Esse avanço sinaliza que o Fehmarnbelt deixou de ser apenas um projeto de infraestrutura planejado para se tornar uma estrutura que ganha forma fisicamente sob o mar. No entanto, isso também marca o início de uma fase em que cada operação exerce pressão sobre um cronograma que já sofreu alterações.
Um túnel recordista com cronograma alterado
Uma complexidade fundamental é que esse tipo de túnel não é escavado sob o leito marinho da maneira que normalmente imaginamos. Em vez disso, é necessário primeiro dragar uma vala no leito do estreito; em seguida, cada seção é transportada flutuando até a posição correta e baixada com precisão para se encaixar na seção anterior.

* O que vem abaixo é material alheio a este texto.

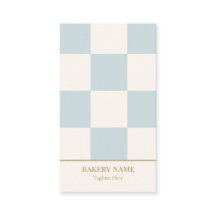 Chic Blauer Karo-Bäckerei-QR-Code Vertikal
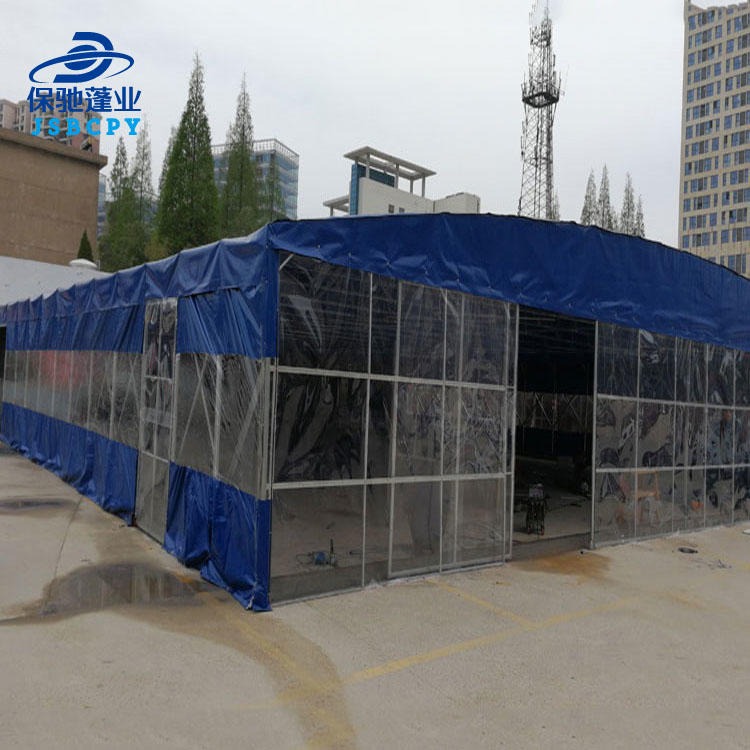 上海移动推拉棚仓库厂房伸缩雨棚大型遮阳棚活动帐篷推拉雨棚布推拉蓬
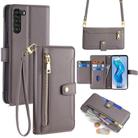 For ZTE nubia S 5G A403ZT Sheep Texture Cross-body Zipper Wallet Leather Phone Case(Grey) - 1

Cada elemento padrão mede 217 metros e pesa cerca de 73.500 toneladas; portanto, não é uma operação que permita muita improvisação. A construção avança, certamente, mas no ritmo ditado por um projeto no qual cada movimento precisa ser calculado.
Foi aí que o cronograma começou a sofrer desvios. O pontão de imersão IVY — um equipamento fundamental para baixar e posicionar os segmentos — não obteve as aprovações no ritmo exigido pelo plano inicial. A Sund & Bælt observou que a aprovação do pontão estava com um atraso de quase dois anos em relação ao cronograma original, e a Femern indicou posteriormente que a construção do túnel já enfrentava um atraso de pelo menos dois anos.
Esse é um detalhe significativo, pois não estamos falando de um ajuste menor em uma tarefa secundária, mas sim do mecanismo que permite que o túnel de Fehmarnbelt continue avançando sob a água.
O segundo desafio reside na Alemanha. A Femern e a Sund & Bælt explicaram que as instalações ferroviárias associadas ao túnel no lado alemão também não estarão prontas para operação em 2029, em parte devido aos processos de aprovação e licenciamento, que estão levando mais tempo do que o previsto.
Somam-se a isso as condições ambientais nas águas alemãs, que envolvem limites rigorosos para ruído subaquático e restrições sobre onde e quando as obras podem ser realizadas. Em outras palavras: mesmo com o avanço da construção pelo lado dinamarquês, recuperar o tempo perdido depende de mais do que apenas instalar os elementos sob o Báltico com maior rapidez.
O que torna o projeto de Fehmarnbelt interessante é que seus problemas não diminuem sua magnitude; pelo contrário, ajudam-nos a compreendê-lo melhor. Trata-se de um projeto de infraestrutura concebido para transformar a conexão entre a Escandinávia e a Europa Central, mas que também está sujeito às realidades de licenciamentos, equipamentos especializados e restrições ambientais.
É por isso que o projeto segue em frente, embora com um cronograma diferente: primeiro a ligação rodoviária, seguida posteriormente pela ligação ferroviária. O túnel submerso mais longo do mundo está ganhando forma sob o Báltico, mas não será entregue conforme planejado originalmente.